Chapter 2 Congenital Abnormalities of the Thorax
Several congenital abnormalities of the thorax have been described, but most are rare. Classification of these anomalies is difficult because the embryologic basis often is not clearly understood. A classification based on thoracic anatomic structures uses the categories of trachea, bronchi, lung, and pulmonary vasculature. Congenital abnormalities involving the mediastinum are discussed in Chapter 15, and airway anomalies are discussed in Chapter 13.

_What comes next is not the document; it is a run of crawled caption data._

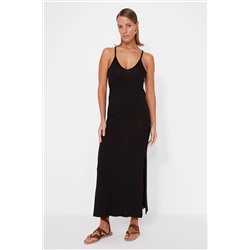 Черное приталенное вязаное пляжное платье макси с открытой спиной TBESS23EL00126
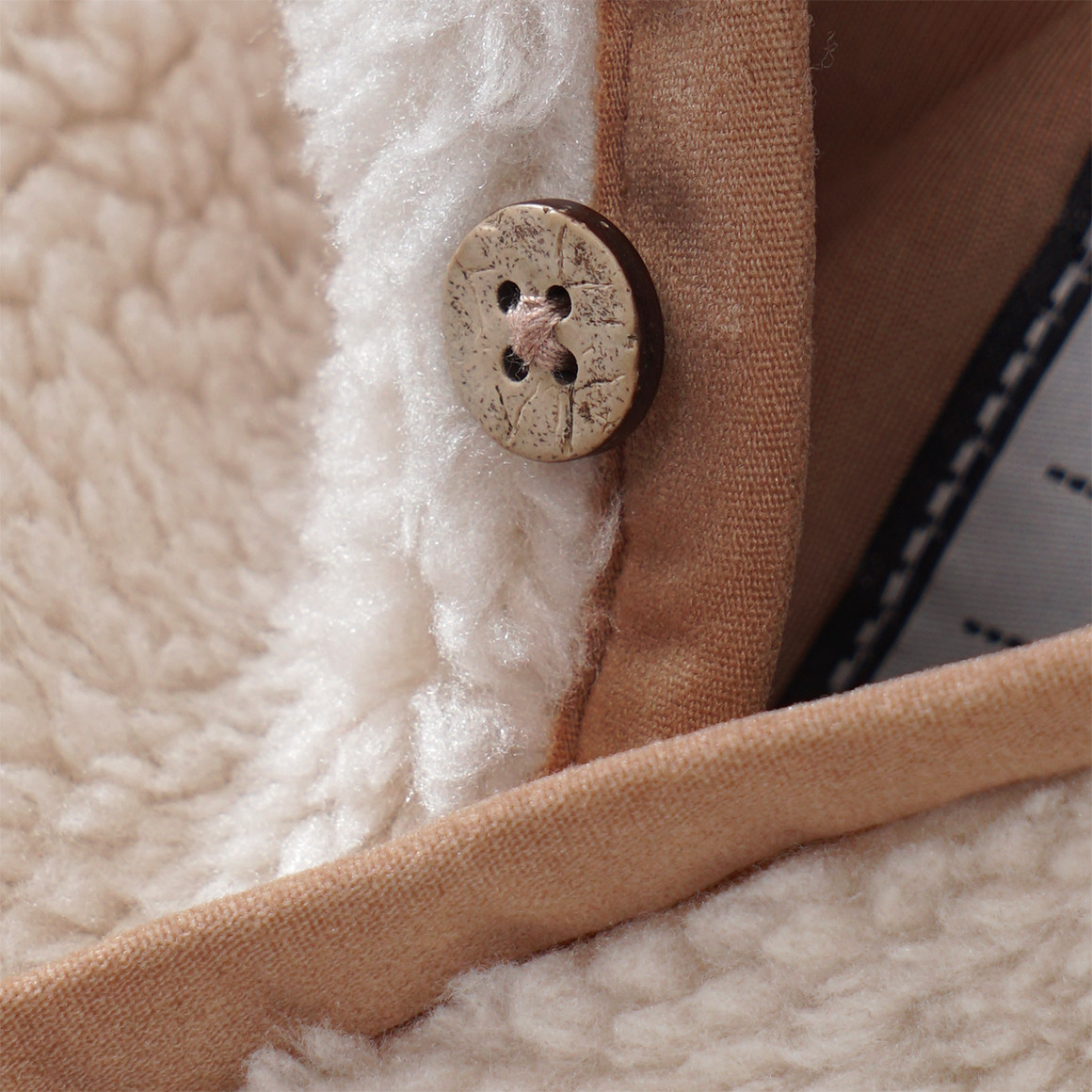 Newborn Kuscheloverall mit Knöpfung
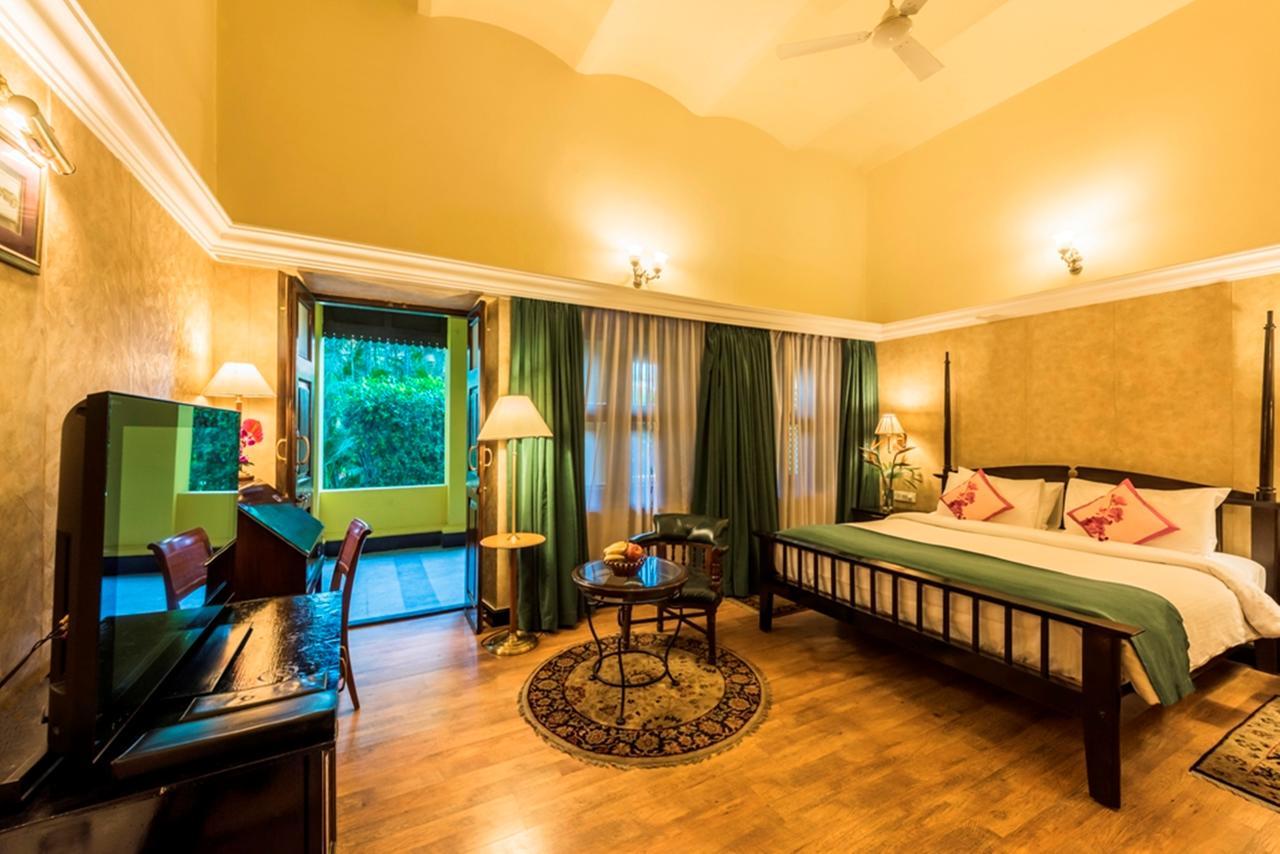 Royal Orchid Metropole Hotel 4*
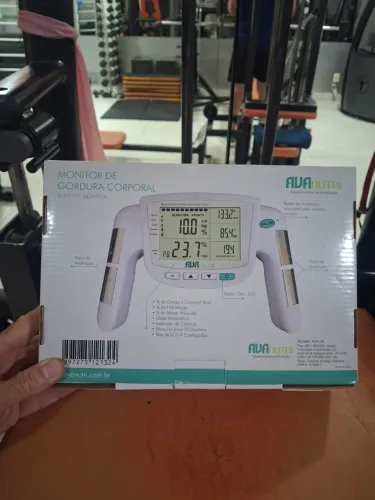 Monitor / Analisador de Gordura por Bioimpedância - Avanutri modelo AVA 30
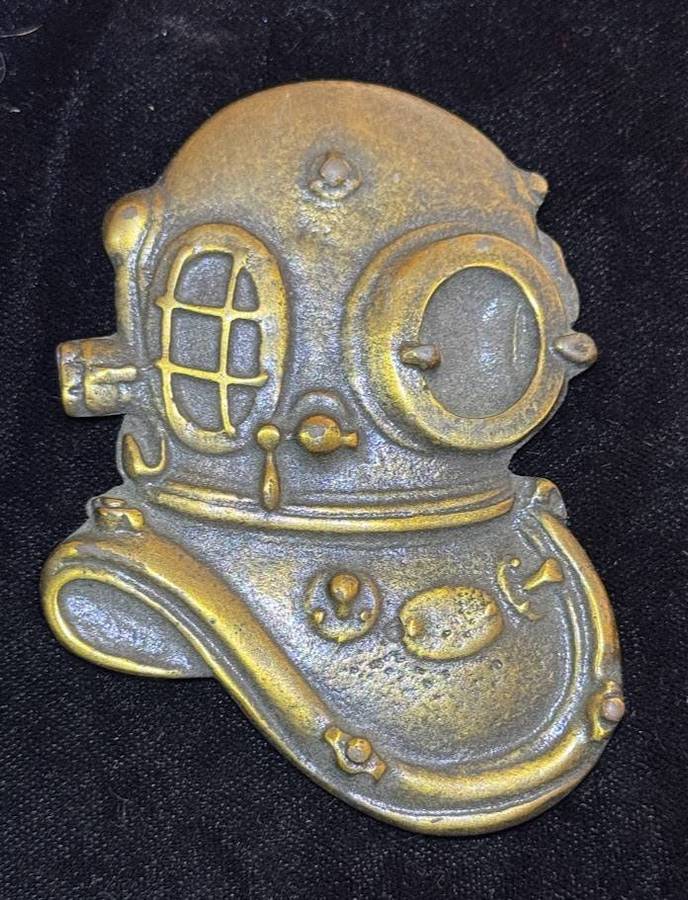 Presented is an impressive brass Navy Divers Insignia Plaque.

Box 2-1 Congenital Abnormalities of the Thorax
TRACHEA
BRONCHI
Bronchial Atresia
This anomaly consists of atresia of a lobar or segmental bronchus with obliteration of the lumen and preservation of distal structures. The most common site is the left upper lobe, particularly the apical posterior segment. The right middle and upper lobes are less common sites. Mucus secreted within the airways distal to the atretic segment cannot pass the stenosis and accumulates as a mucous plug or mucocele. Collateral air drift keeps the lobe or segment inflated, and it becomes hyperinflated as a result of expiratory air trapping. The chest radiograph shows an area of hyperlucency in the affected portion of the lung (Fig. 2-6). The mucocele appears as an ovoid or branching structure at the hilar level. CT demonstrates the mucoid impaction at the site of obstruction, which is associated with lobar or segmental hyperinflation (Fig. 2-7). There may be an accompanying shift of the mediastinum and compression of the surrounding lung.
Congenital Bronchiectasis
Congenital bronchiectasis (i.e., Williams-Campbell syndrome) is rare, and its existence is controversial. It results from an intrinsic abnormality of cartilage. The cartilaginous deficiency occurs within the fourth- to sixth-order bronchi and is manifested by cystic bronchiectasis and pulmonary hyperinflation (Fig. 2-8). Bronchiectasis, which is acquired and caused by chronic infection, may occur early in life as a result of other congenital, developmental, or genetic disorders. These conditions are listed in Box 2-2 (see Chapter 13).
LUNGS
Pulmonary Agenesis and Hypoplasia
Agenesis, aplasia, and hypoplasia more frequently involve the right lung. In agenesis, the radiograph shows complete absence of an aerated lung in one hemithorax, with pronounced reduction in the volume of that hemithorax and associated shift of the mediastinum to the affected side (Fig. 2-9). There is usually pronounced compensatory overinflation of the contralateral normal lung. Pulmonary hypoplasia has similar findings because of volume reduction; however, there is a small lung on the affected side. In some cases, it may be difficult on standard radiographs to distinguish severe pulmonary hypoplasia from aplasia or agenesis. In such instances, CT may help to identify the absence or presence of the ipsilateral pulmonary artery and bronchus or the presence of a rudimentary bronchus in pulmonary aplasia. CT also can demonstrate rudimentary pulmonary tissue in the base of the hemithorax in patients with severe pulmonary hypoplasia and show a patent bronchus and accompanying pulmonary artery (Fig. 2-10).